West Virginia Launches Alexa Skill to Answer Questions About Government Services

A new Alexa skill is enabling West Virginians to get answers to questions about their government and its services. The West Virginia Secretary of State’s Office skill is the latest of a growing wave of governments using voice apps to engage with citizens.

Alexa’s Country Road

The voice app is designed to answer a wide range of questions about West Virginia’s government and the services it offers. The accurately, if clumsily named West Virginia Secretary of State’s Office skill can tell users who current elected officials are, how to vote, and the steps for setting up businesses in the state. The skill isn’t comprehensive at the moment and focuses on the most common questions, and information people seek.
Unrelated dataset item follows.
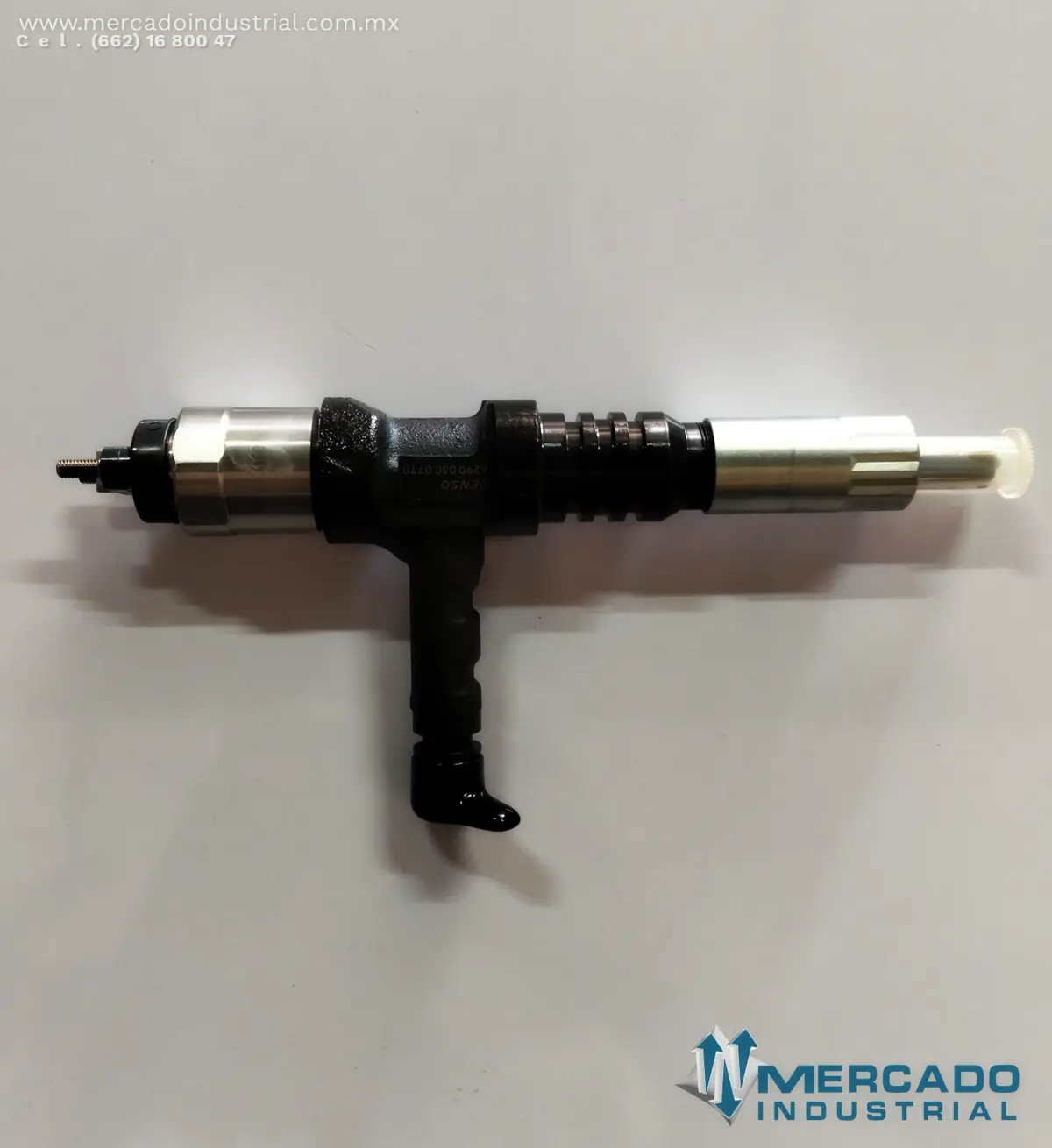 KOMATSU 6245-11-3100 INJECTOR ASSEMBLY (D375A-5) - imagen 1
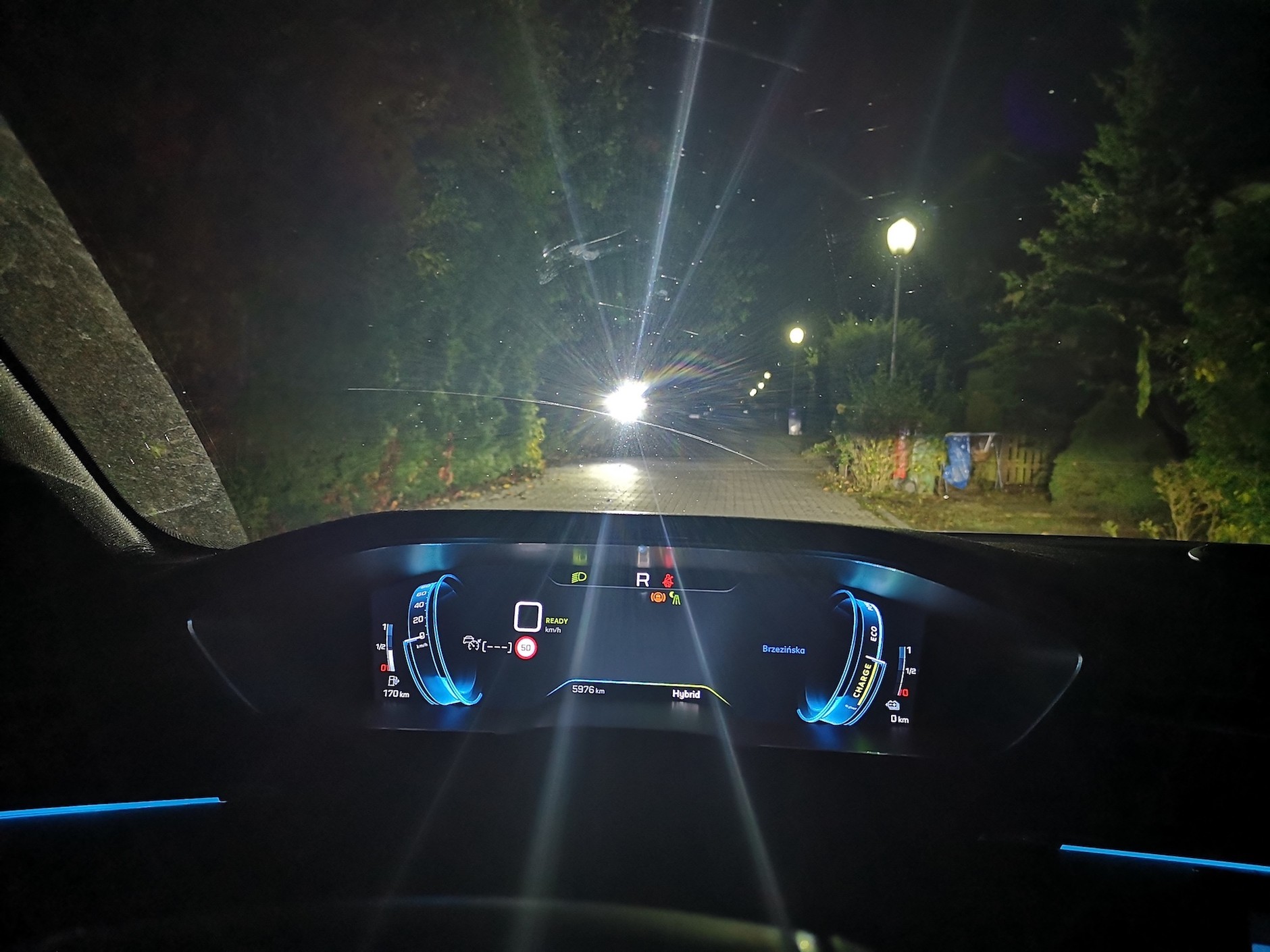 W maksymalnym trybie świecenia lampka oświetla nawet, gdy jestskieroewana w dół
There are plans to extend the voice app’s ability, however, including more interactive discussions and information pulled from a broader range of state databases.

“We strive to be a leader when it comes to using new technology to communicate with our constituents and make it easier to interact with our office,” West Virginia Secretary of State Mac Warner said in a statement. “Our new custom Alexa skill enables you to get answers to the most commonly asked questions about our office and the services we provide wherever you are using the most natural user interface in the world: the voice. We’ve barely scratched the surface with voice assistant technology, and we have more exciting functionality in the works.”

Government Speaks

Though West Virginia only has a skill for one state office, it’s easy to imagine that success will lead to other departments creating a voice app or augmenting the current one. And West Virginia is not alone in seeing the usefulness of building voice apps. Mesa, Arizona, recently launched an Alexa skill that can answer questions like West Virginia’s, for instance. Mesa’s skill also accesses the city calendar and offers a way for people to pay their utility bills through the voice app. The utility payment aspect is something Amazon is exploring directly, too, first in India and now worldwide with more than 700 utility companies.

There are also companies interested in connecting municipal data with voice assistants. Canadian startup Qwhery is working on a product called Q11 to do just that. On a larger scale, Estonia wants to set up a voice assistant for the whole country named for a magical assistant built of straw to connect citizens with government services. More cities, states, and even countries are likely to take their first steps in developing a voice app, making them just another facet of how they communicate with citizens.